■ Your assignment: Omitting the images, transcribe the records below exactly as they stand.

- - - - -

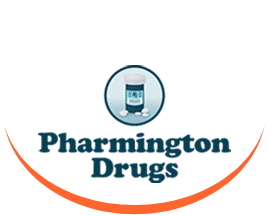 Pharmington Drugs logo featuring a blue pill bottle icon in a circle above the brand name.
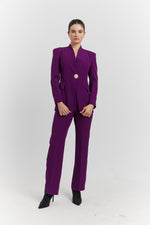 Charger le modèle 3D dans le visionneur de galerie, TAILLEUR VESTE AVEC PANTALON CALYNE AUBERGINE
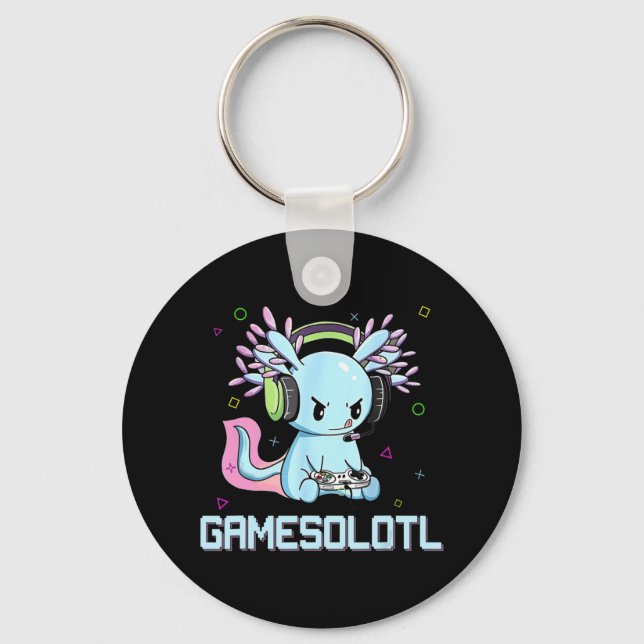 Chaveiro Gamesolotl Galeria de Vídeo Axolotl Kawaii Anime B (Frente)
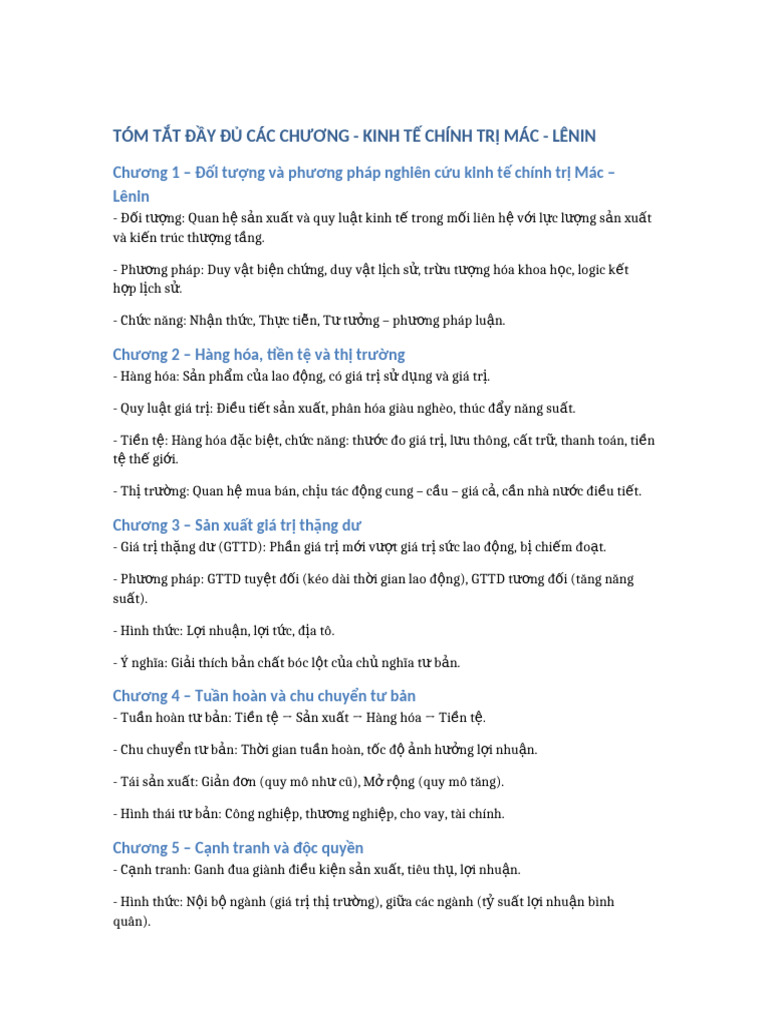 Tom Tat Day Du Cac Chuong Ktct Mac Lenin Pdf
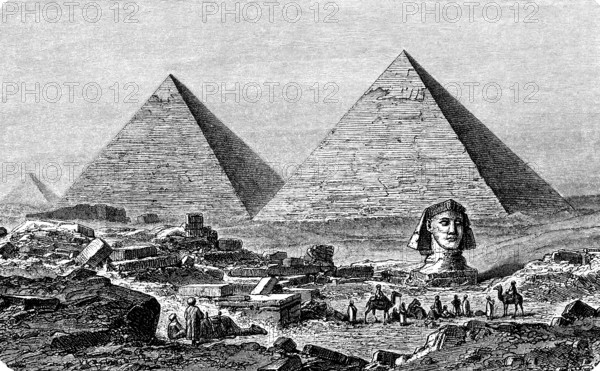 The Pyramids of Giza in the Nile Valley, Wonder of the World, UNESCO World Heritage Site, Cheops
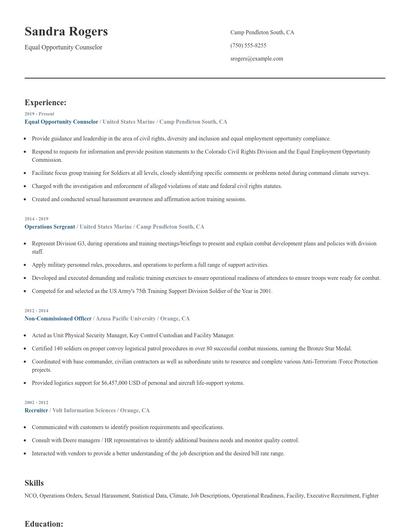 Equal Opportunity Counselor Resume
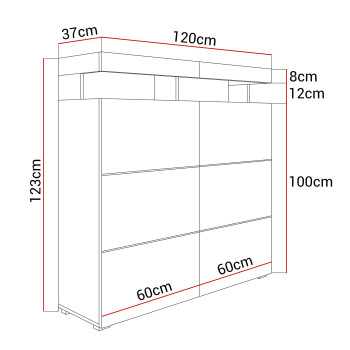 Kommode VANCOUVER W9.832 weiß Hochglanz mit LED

- - - - -

■ Exercise result:
 Pharmington Drugs logo featuring a blue pill bottle icon in a circle above the brand name.
 Charger le modèle 3D dans le visionneur de galerie, TAILLEUR VESTE AVEC PANTALON CALYNE AUBERGINE
 Chaveiro Gamesolotl Galeria de Vídeo Axolotl Kawaii Anime B (Frente)
 Tom Tat Day Du Cac Chuong Ktct Mac Lenin Pdf
 The Pyramids of Giza in the Nile Valley, Wonder of the World, UNESCO World Heritage Site, Cheops
 Equal Opportunity Counselor Resume
 Kommode VANCOUVER W9.832 weiß Hochglanz mit LED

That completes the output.